Suddenly, I missed Miley Cyrus and her story about a moth leading her to enlightenment.

More from Weekend 2:George Strait brings 'King'-level country to a field of Western-inspired wear at ACL

4. People who love Duran Duran? They love Duran Duran

The band drew a healthy headliner crowd for a Sunday night, but it thinned out considerably over the course of the hour-plus slot. The hazards of top-loading a set with the singalongs. 

The people who remained, though, were getting their life. Not for nothing, Duran Duran never lost a large, dedicated crowd up front. Farther out, the fans had the words down, and they had the energy at the end of three days to prance around in a field like it's 1985.

Considering Stevie Nicks was the original headliner for Sunday (still sad about that one), not bad.

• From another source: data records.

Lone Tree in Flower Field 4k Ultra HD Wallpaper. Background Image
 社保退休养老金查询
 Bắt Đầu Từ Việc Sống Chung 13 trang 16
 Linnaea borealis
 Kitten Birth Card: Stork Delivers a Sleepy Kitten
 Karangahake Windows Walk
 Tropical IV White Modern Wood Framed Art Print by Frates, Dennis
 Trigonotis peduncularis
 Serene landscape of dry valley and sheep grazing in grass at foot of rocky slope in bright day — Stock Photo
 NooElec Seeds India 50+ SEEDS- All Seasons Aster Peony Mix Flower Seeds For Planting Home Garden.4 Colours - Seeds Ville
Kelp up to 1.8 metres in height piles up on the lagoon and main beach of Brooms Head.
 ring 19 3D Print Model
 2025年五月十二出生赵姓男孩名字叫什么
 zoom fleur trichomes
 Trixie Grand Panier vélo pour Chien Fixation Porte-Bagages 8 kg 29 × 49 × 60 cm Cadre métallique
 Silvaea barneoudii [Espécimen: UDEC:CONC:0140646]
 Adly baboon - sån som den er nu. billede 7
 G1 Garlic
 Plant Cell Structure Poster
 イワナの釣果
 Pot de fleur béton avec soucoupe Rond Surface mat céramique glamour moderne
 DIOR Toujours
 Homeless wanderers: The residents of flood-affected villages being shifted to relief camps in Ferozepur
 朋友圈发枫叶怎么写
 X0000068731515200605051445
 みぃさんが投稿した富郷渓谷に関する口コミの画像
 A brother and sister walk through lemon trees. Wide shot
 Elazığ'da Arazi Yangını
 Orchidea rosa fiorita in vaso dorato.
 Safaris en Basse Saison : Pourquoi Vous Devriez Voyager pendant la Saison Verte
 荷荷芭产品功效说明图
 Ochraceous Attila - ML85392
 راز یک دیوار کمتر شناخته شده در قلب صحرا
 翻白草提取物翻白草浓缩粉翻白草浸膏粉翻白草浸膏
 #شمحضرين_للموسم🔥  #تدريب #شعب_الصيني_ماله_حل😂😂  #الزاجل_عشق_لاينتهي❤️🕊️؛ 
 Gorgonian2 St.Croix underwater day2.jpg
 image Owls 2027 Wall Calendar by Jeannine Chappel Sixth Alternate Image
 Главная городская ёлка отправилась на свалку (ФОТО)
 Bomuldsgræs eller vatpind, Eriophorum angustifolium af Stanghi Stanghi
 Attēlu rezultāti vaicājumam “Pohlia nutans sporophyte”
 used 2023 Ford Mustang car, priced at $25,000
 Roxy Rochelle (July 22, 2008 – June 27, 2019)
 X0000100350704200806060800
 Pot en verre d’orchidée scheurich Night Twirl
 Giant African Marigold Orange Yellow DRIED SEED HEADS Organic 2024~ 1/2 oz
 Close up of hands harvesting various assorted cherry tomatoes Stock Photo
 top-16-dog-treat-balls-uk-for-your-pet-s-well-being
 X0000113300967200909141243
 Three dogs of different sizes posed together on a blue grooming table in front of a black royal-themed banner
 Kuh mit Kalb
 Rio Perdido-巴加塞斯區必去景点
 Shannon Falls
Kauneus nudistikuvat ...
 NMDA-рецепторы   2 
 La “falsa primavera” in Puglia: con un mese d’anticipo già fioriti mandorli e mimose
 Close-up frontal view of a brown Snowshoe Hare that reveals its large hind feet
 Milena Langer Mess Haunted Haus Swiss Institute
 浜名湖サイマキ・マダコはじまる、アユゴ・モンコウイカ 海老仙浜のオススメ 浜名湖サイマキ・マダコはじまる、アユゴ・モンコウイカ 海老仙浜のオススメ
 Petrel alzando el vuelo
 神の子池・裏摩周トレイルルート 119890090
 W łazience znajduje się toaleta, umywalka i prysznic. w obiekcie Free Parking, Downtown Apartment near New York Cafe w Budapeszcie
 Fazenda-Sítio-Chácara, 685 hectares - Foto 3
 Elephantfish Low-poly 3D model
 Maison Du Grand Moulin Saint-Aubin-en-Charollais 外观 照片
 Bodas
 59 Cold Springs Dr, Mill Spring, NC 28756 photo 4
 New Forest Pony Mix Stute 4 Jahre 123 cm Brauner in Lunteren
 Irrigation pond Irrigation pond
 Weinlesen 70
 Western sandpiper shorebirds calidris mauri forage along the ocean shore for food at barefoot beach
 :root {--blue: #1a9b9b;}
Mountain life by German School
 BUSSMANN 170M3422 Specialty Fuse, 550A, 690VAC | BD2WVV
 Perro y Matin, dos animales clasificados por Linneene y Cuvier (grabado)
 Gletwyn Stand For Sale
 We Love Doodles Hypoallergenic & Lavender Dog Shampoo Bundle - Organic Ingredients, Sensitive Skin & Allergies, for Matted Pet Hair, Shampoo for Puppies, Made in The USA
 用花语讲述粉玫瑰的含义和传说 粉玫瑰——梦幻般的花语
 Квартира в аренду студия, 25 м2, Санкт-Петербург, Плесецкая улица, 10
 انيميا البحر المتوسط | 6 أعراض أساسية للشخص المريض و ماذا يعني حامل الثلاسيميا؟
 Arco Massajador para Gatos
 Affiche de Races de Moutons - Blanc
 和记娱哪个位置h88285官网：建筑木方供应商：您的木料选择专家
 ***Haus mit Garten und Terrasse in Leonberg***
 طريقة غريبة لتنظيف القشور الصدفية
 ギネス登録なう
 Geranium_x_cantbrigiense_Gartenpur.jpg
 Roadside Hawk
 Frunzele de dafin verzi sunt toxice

5. You get what you came for

If you told a friend you were going to see Duran Duran in concert in 2021, I think it would conjure something pretty similar to what happened at ACL Fest.

Le Bon strutted and jumped into a starfish formation. His voice still has that crybaby wail.

John Taylor just grooved and his hair had decent altitude. 

"Hungry Like the Wolf" and "Rio" bookended the night. There's your price of admission.